Flags at the California state Capitol are flying at half-staff in honor of the most influential aide to Gov. Jerry Brown since he returned to the office. The governor’s staff announced that his top aide, Nancy McFadden, died last night of cancer.
In a statement, Brown called her “the best chief of staff a governor could ever ask for.”
“Everything that happened in the Brown administration, she was one of the chief architects,” says political strategist Dana Williamson, who served as Brown’s cabinet secretary under McFadden. “From getting us out of a $29 billion budget deficit to passing a water bond and the Rainy Day fund, to the cap-and-trade program, everything single that Gov. Jerry Brown did, Nancy was a huge part of.”
When Brown traveled to China last June on a climate change tour, his chief of staff stayed behind to negotiate the state’s $125 billion budget with the Legislature.
McFadden started in politics by joining Bill Clinton’s presidential campaign, leaving a law practice in Washington, D.C. She became a top staff member first in the Department of Justice, then the Department of Transportation, Vice President Al Gore, Gov. Gray Davis, and the utility PG&E, before joining Brown’s staff in 2011.
Statements from California lawmakers poured in after the announcement of her death.
State Senate leader Toni Atkins (D-San Diego) called McFadden “hands-down the hardest-working and smartest person in our state Capitol,” who “played a leading role in every major accomplishment” of the administration.
Republican Senate leader Pat Bates said McFadden was “one of California's most accomplished public servants.”

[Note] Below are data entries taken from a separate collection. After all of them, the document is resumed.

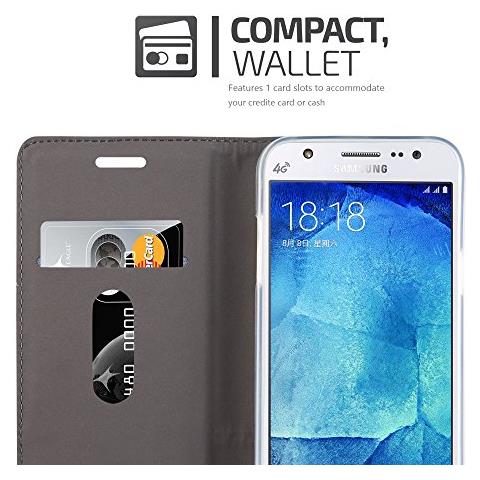 Custodia Compatibile Con Samsung Galaxy J5 2015 In Blu Scuro Nero - Coperchio Protettiva Con Chiusura Magnetica, Funzione Stand E Tasca Per Le Carte - Foto 2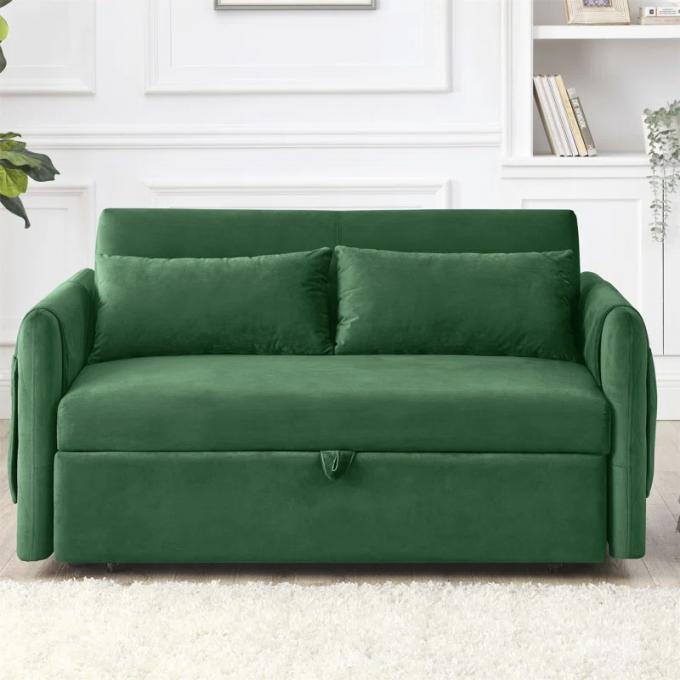 multi-functional dual-purpose loveseat with fold out bed green velvet sofa beds low prices with side pocket 2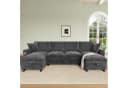 BlingBin U-Form Ecksofa mit USB-Anschluss und Stauraum Grau Bild 3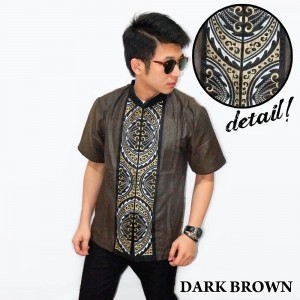 Baju Koko Pendek Bordir Gear Dark Brown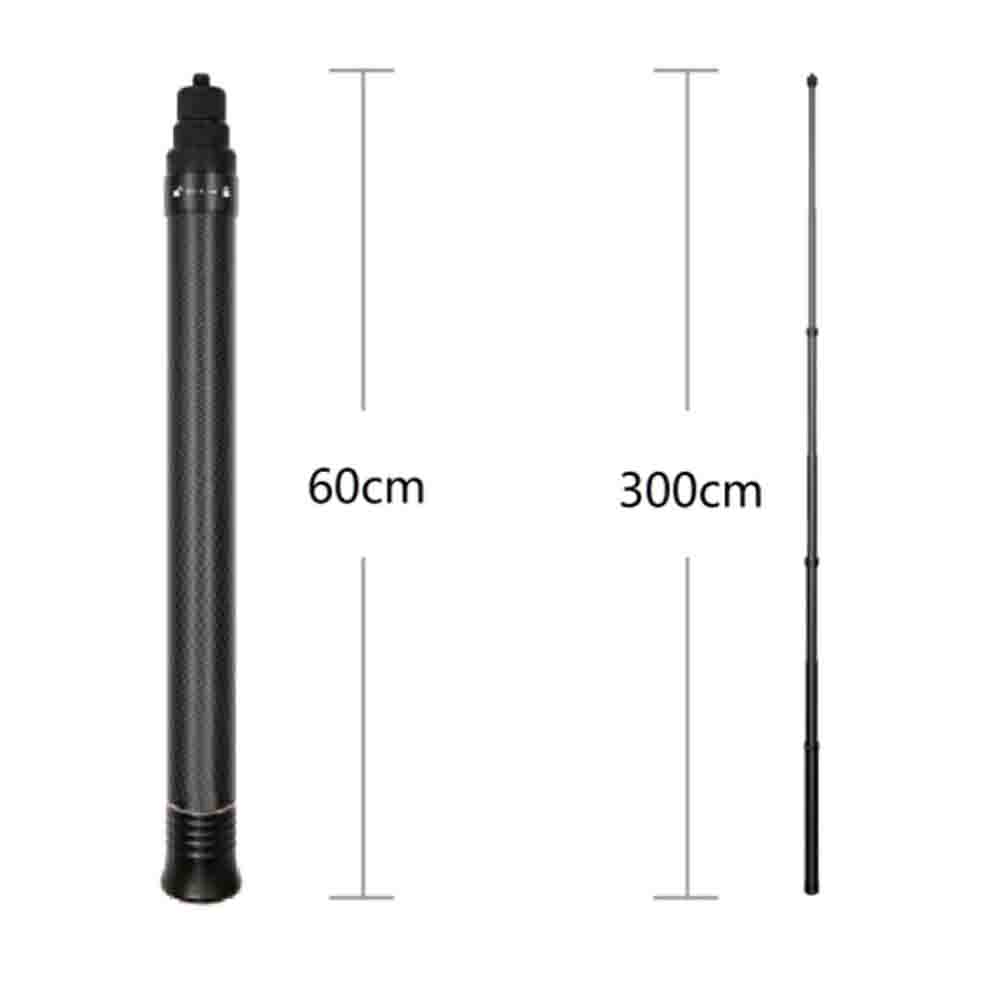 for GoPro Carbon Fibre 60-300cm Selfie Stick Monopod Pole Mount Handle Telescopic 3m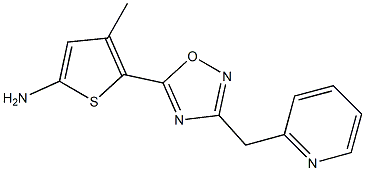 4-methyl-5-[3-(pyridin-2-ylmethyl)-1,2,4-oxadiazol-5-yl]thiophen-2-amine,,结构式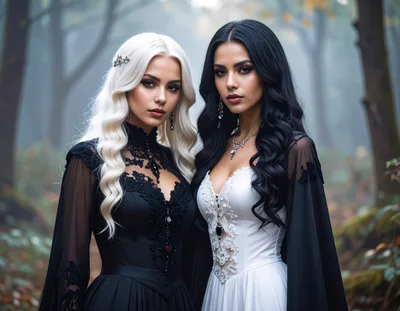 Two Elegant Women In Gothic Attire In A Forest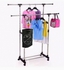 Double Pole Portable Clothes Rack Hanger With Wheels+Zigor Special Bag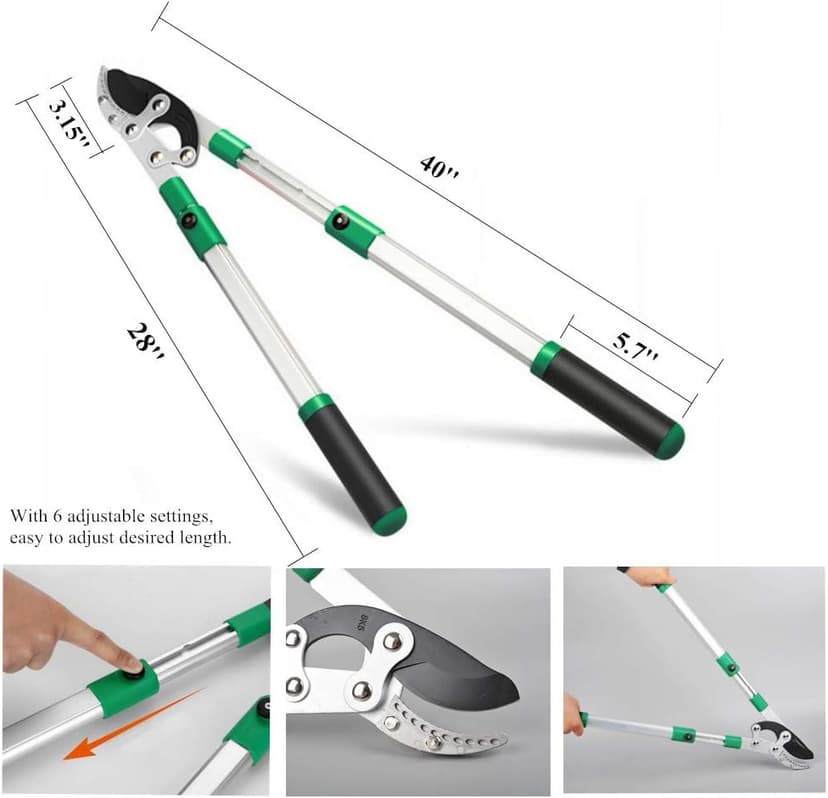 SK5 High-Performance Compound Action Anvil Lopper,Chops Thick Branches with Ease,2 Inch Cutting Capacity,28inch-40inch Telescoping Lopper, Tree Trimmer with Sturdy&Comfortable handle(A）
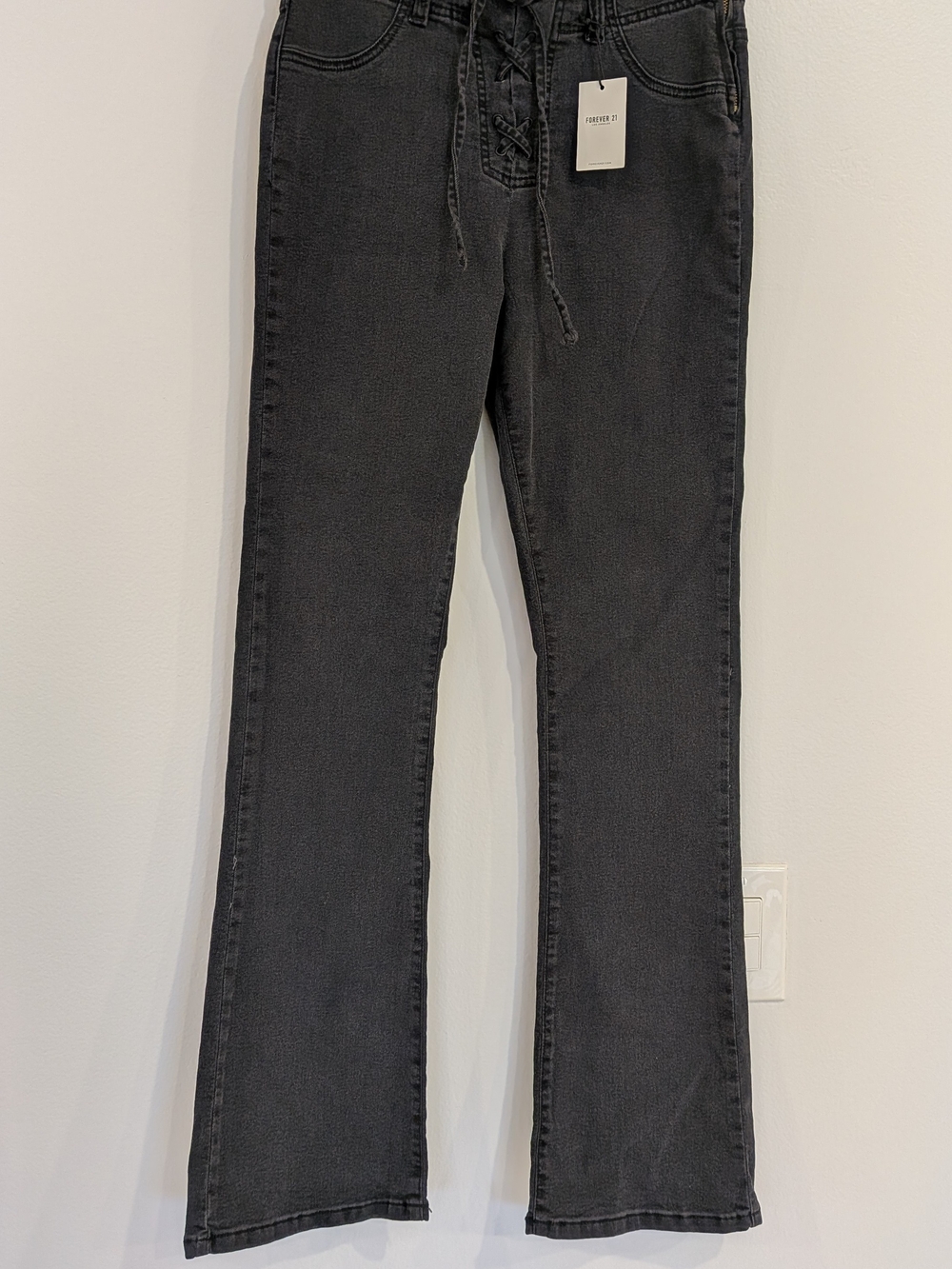 Bootcut Washed Black Lace Up Denim Jeans Women Solid Zip Drawstring NWT - Picture 7 of 10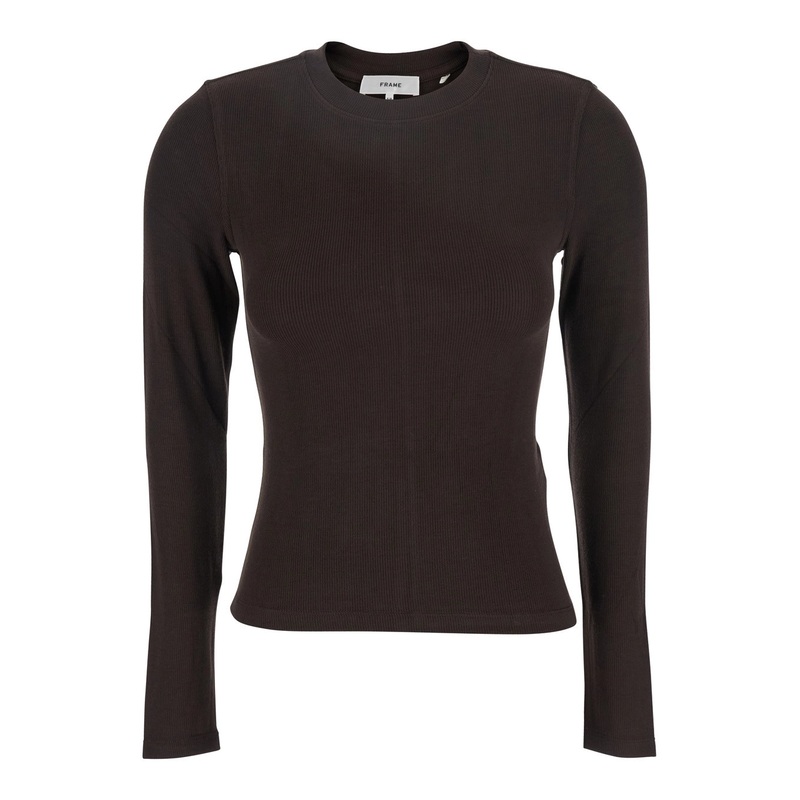‘The L/S Rib Crew’ Brown Ribbed Knit Sweater in Tech Fabric Stretch Woman
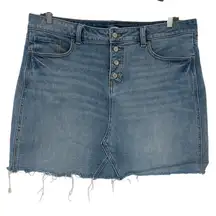 Old Navy Y2K Button Fly Denim Mini Skirt Sz 18 Raw Hem Festival Western Indie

Former California First Lady Maria Shriver called her “wicked smart, wicked loyal, and wicked kind.”
Williamson also remembers a lighter side.
“She would always go out of her way to write a kind note, send someone flowers, and she liked to dance,” Williamson says. “And sometimes she’d just do it in the middle of the hallway.”
After a dozen years in remission, McFadden spent the past four years treating a recurrence of ovarian cancer, while continuing to work at the Capitol until earlier this year.